[Start of Attachment]

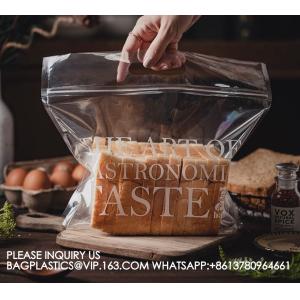 Bread Bags For Homemade Bread Reusable Zipper Sourdough Bread Bags To Keep Fresh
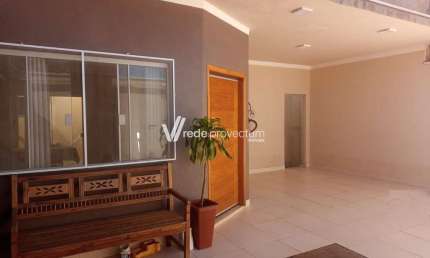 Casa com 2 quartos à venda na Rua Professora Adriana Mara Gusson Bergo, 29, Residencial Cittá di Salerno, Campinas, 114 m2 por R$ 550.000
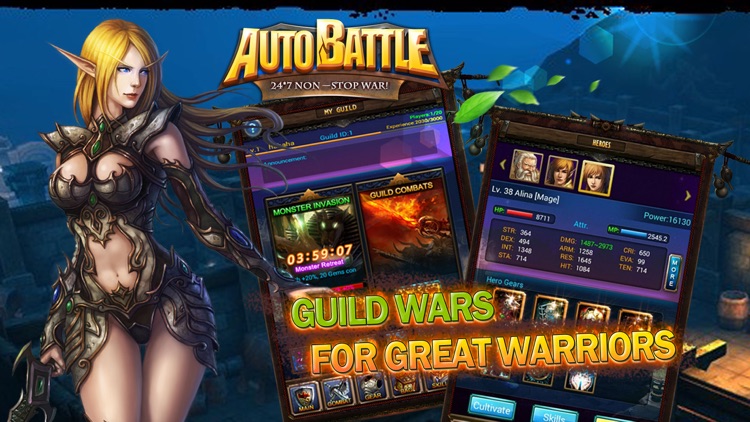 Auto Battle (Southeast Asia)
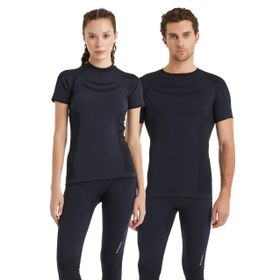Blackspade 9570 Termal Pro Siyah Unisex T-Shirt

[End of Attachment]

**WHAT YOU NEED TO DO**. Repeat the lines above exactly, and keep every picture out.

**SOLUTION FOR THIS PROBLEM**.
 Bread Bags For Homemade Bread Reusable Zipper Sourdough Bread Bags To Keep Fresh
 Casa com 2 quartos à venda na Rua Professora Adriana Mara Gusson Bergo, 29, Residencial Cittá di Salerno, Campinas, 114 m2 por R$ 550.000
 Auto Battle (Southeast Asia)
Blackspade 9570 Termal Pro Siyah Unisex T-Shirt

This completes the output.